3 thoughts on “Charlie’s critique of Morton: phenomenology and the ephemeral self

  1. Your points are well taken. Morton makes big claims sweeping away precedent though as inadequate for the present state of the world, not only in what concerns phenomenology, but also, as Deneille noticed, feminism and, I would add, environmentalism and ecocriticism. While I have never been very fond of Heidegger’s _Being and Time_ which is the only book I read fully (my partner is quite fond of him), I fully appreciated Merleau-Ponty’s _Visible and Invisible_ as a visionary explanation of the subject’s way of relating to the objects of the exterior world. I especially remember the metaphor of a glove turned inside out as a figure that explains our bodies’ senses (and more than senses) wrapping around the outside reality. This glove inside out is what problematizes the division between inside and outside. In my reading of Morton, hyperobject is more of an ‘a priori’ knowledge, in the Kantian sense of it, that gives form to all possible experience, especially aesthetic experience which is what interests me the most in this part of his theory.

    All my friends from Nelson Institute are very critical of Morton, I, however, find a lot of his writings inspiring for the interpretation of the contemporary art.

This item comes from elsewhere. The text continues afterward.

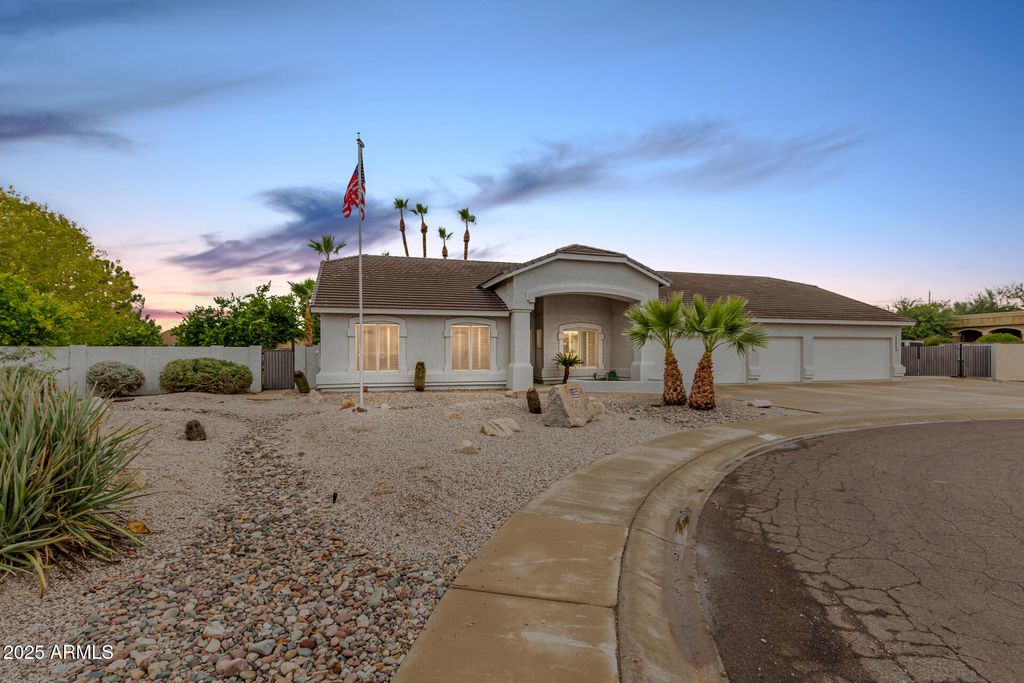 Photo of 11814 N 56 Drive, Glendale, AZ 85304 (MLS # 6952313)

As the only one of the critics that we read in class, he comes from the field of literary criticism; he is a professor of English originally specializing in Romanticism. I tend to forgive him all that I may not agree with in exchange for some inspiring ideas that allow me to discover something new in the texts and films that I try to understand. In the tradition of literary criticism, some writing is produced as if it were literary itself. I do not write like that myself, but I am used to reading criticism as if it were poetic prose of a sort. In this category Morton is “a good read.” Wasn’t Ortega y Gasset’s success based on this kind of “style”? If I had to choose between the two, I would choose Morton.

  2. Kata,

    Thanks for your comments. These are really helpful and insightful. I’m working through Visible and invisible now, and you’re right that the metaphor of the hand is really powerful.

    Your comments about Morton’s style are well taken. I do appreciate how he is devling into the philosophical canon and mining it for ideas as well as pointing out what doesn’t work anymore. One of the pieces that I’m trying to learn how to balance / achieve is how to translate between fields and what knowledge standards should apply. Is it important that Morton stick to the technics of previous philosophers? Is it OK for him to reimagine their work in ways that they and their followers would likely not agree with? He does create an aesthetic, a feeling of sweeping through continental philosophy looking for something new, something that works to position us within the anthropocene.

    Apparently Morton and Bjork have been doing work together and some of their correspondence is on display at the museum of modern art in NYC.Very cool to academics trying new forums.

    • The article on Bjork and Morton fits perfectly _Nocilla experience_ mood where Bjork appears several times. Thank you!

      The questions that you ask are crucial especially if trans-disciplinarity is to be taken seriously. All intellectual styles have their advantages and
      disadvantages. The history of science or environmental history writing, rich in details and perfectly documented, oftentimes is so politically neutral that “so what?” seems not to be addressed. I participated in a few faculty seminars where philosophers totally refused to discuss Cary Wolfe or Giorgio Agamben, yesterday during a talk about why are numbers convincing, scientists got offended that someone might at all question them. There is an old article about intellectuals styles by Galthung that distributes them also geographically: French, German, British and Japonese… At this point of my career (and family life) I am very aware of and tolerant towards personal differences and try to focus on what each scholarship has to offer rather than on what it lacks, except when writing supports harmful status quo, aggression and indifference. But what you focus on is also a question of intellectual style and it is important to look for precision and discipline of thought as well.